Find the lines below in which the string "thumbnail" occurs. Copy each one.

#### EXERCISE MATERIAL ####

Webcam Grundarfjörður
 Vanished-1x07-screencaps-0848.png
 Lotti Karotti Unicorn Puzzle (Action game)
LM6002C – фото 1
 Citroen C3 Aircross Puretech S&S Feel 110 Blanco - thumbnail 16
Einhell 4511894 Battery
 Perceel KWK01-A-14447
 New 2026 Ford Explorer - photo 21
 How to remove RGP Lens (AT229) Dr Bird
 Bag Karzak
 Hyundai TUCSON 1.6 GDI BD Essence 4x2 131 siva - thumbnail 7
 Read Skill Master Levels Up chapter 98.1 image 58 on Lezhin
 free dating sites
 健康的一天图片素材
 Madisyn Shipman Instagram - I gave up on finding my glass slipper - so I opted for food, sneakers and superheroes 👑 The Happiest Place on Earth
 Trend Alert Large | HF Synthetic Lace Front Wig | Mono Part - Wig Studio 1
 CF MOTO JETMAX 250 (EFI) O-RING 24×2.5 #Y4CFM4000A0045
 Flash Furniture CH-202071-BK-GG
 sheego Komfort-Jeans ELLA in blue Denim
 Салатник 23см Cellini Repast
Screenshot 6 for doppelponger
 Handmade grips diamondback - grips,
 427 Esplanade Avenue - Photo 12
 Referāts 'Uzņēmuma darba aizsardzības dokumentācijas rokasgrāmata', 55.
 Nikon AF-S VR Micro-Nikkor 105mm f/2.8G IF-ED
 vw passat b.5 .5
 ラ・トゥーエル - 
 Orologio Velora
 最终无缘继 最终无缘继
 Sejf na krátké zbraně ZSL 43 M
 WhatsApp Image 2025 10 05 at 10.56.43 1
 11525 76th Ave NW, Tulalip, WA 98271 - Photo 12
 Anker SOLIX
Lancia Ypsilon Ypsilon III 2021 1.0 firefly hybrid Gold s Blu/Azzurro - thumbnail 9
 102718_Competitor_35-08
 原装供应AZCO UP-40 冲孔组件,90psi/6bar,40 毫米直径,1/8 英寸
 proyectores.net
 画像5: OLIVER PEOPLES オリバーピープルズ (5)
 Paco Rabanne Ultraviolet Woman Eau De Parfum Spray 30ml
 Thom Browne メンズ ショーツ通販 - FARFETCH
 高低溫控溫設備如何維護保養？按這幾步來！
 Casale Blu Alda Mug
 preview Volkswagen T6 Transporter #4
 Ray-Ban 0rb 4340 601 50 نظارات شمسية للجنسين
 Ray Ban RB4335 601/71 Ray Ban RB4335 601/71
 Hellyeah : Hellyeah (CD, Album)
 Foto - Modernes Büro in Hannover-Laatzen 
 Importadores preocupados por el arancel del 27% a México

####

THE COMPLETED TASK:
 Citroen C3 Aircross Puretech S&S Feel 110 Blanco - thumbnail 16
 Hyundai TUCSON 1.6 GDI BD Essence 4x2 131 siva - thumbnail 7
Lancia Ypsilon Ypsilon III 2021 1.0 firefly hybrid Gold s Blu/Azzurro - thumbnail 9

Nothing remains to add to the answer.